Nell’illusione che ciò convinca le imprese ad assumere, prosegue e si consolida l’opera di demolizione delle tutele del lavoratore, a cominciare dalla stabilità del rapporto, dapprima compromessa dalla riforma Fornero (legge n. 92 del 2012) con l’intervento sulla disciplina dell’art. 18 S.L. e con una prima liberalizzazione del lavoro a termine di durata non superiore a dodici mesi, la cui accentuazione il governo Letta aveva poi affidato alle parti sociali (art. 7 D.L. n. 76 del 2013 convertito nelle legge n. 99/2013) e che oggi si avvia a sparire per effetto del decreto legge in esame (pubblicato sulla G.U. n. 66 del 20 marzo 2014, parte generale). Ora è infatti possibile assumere a termine o stipulare contratti di lavoro interinale senza alcun limite intrinseco, che rimandi cioè ad esigenze oggettive e temporanee. Non appare pertanto peregrina l’ipotesi che di fatto il contratto a termine e con esso la precarietà del rapporto diventi in futuro e in maniera permanente l’unica forma di accesso al mercato del lavoro. Con buona pace dell’affermazione, di derivazione comunitaria, del primato del contratto di lavoro a tempo indeterminato, ancora formalmente presente nell’incipit della legge sul contratto a termine. E con la conseguente perdita per i lavoratori, insieme alla stabilità, della possibilità di tutela della sicurezza e della dignità sui luoghi di lavoro. Ma anche con la compromissione delle possibilità di crescita professionale, dannosa per le stesse imprese e per il sistema Paese nel suo insieme.
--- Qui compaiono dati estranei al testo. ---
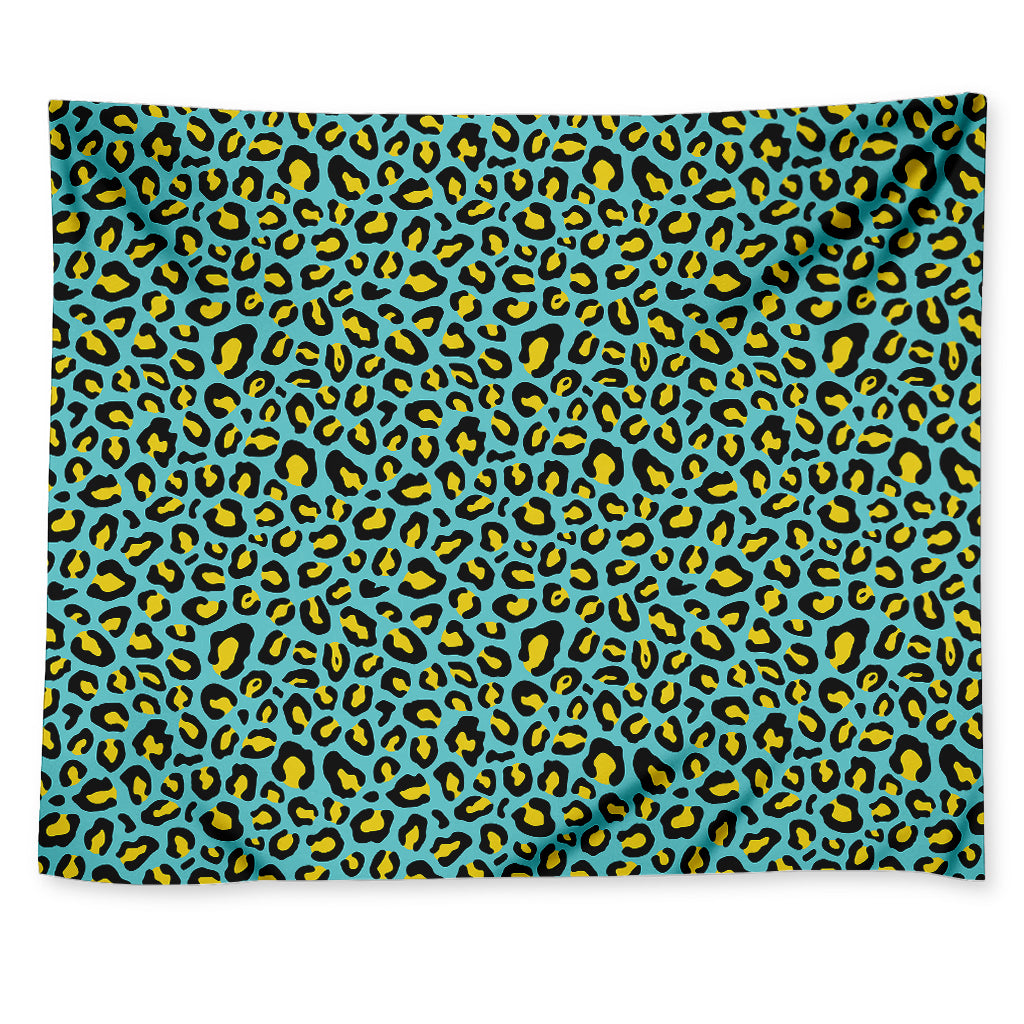 Teal And Yellow Leopard Pattern Print Tapestry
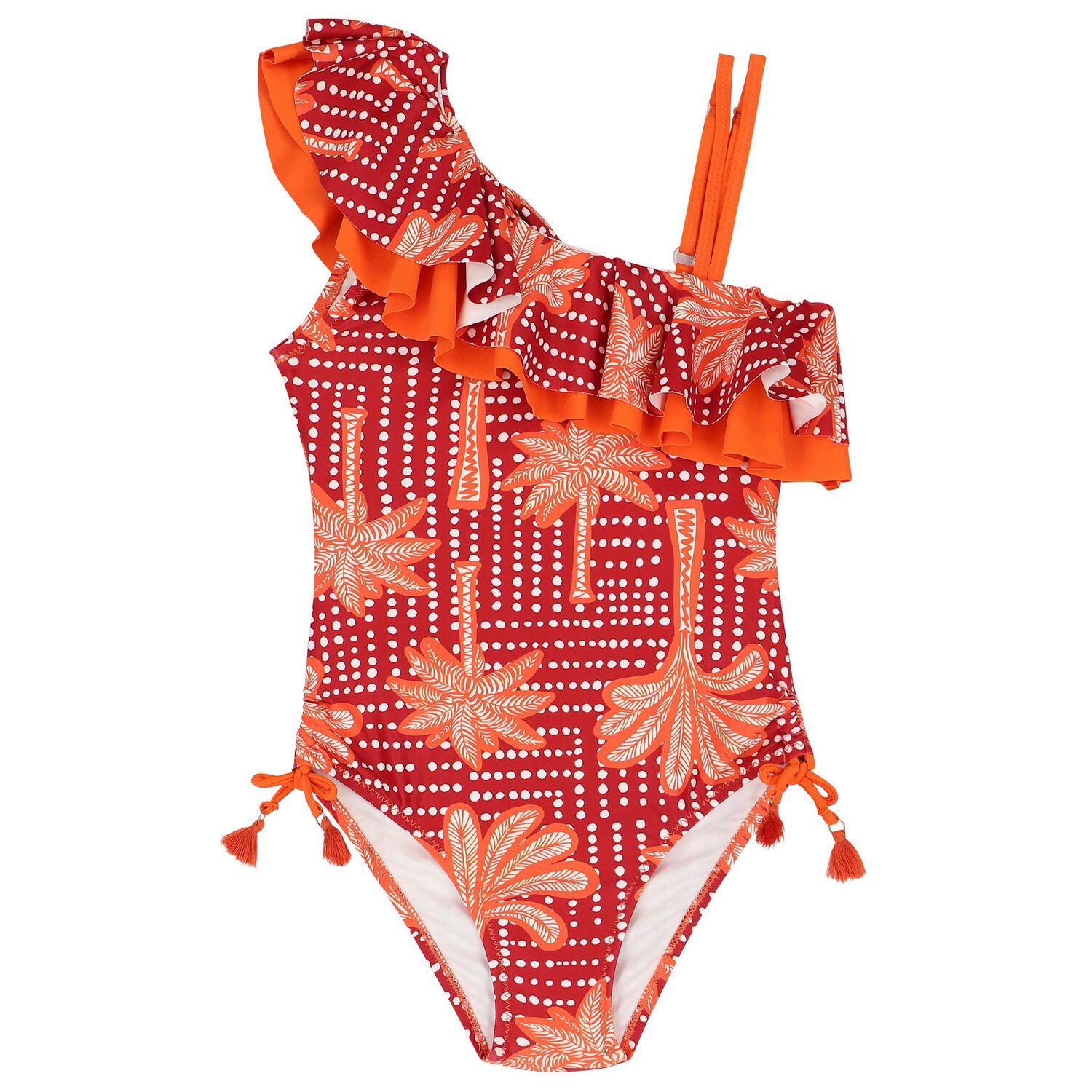 Girls Orange & Pink Palm Tree Swimsuit, 1, hi-res image number null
Compromissione aggravata dall’attenuazione degli obblighi formativi che il medesimo decreto legge prevede per il rapporto di apprendistato (col rischio che vi è connesso di una fine ingloriosa quale quella del contratti di formazione e lavoro, con le imprese italiane costrette a restituire allo Stato le agevolazione al riguardo ottenute: v. la newletter n. 3, a commento di Cass. n. 2631/2014).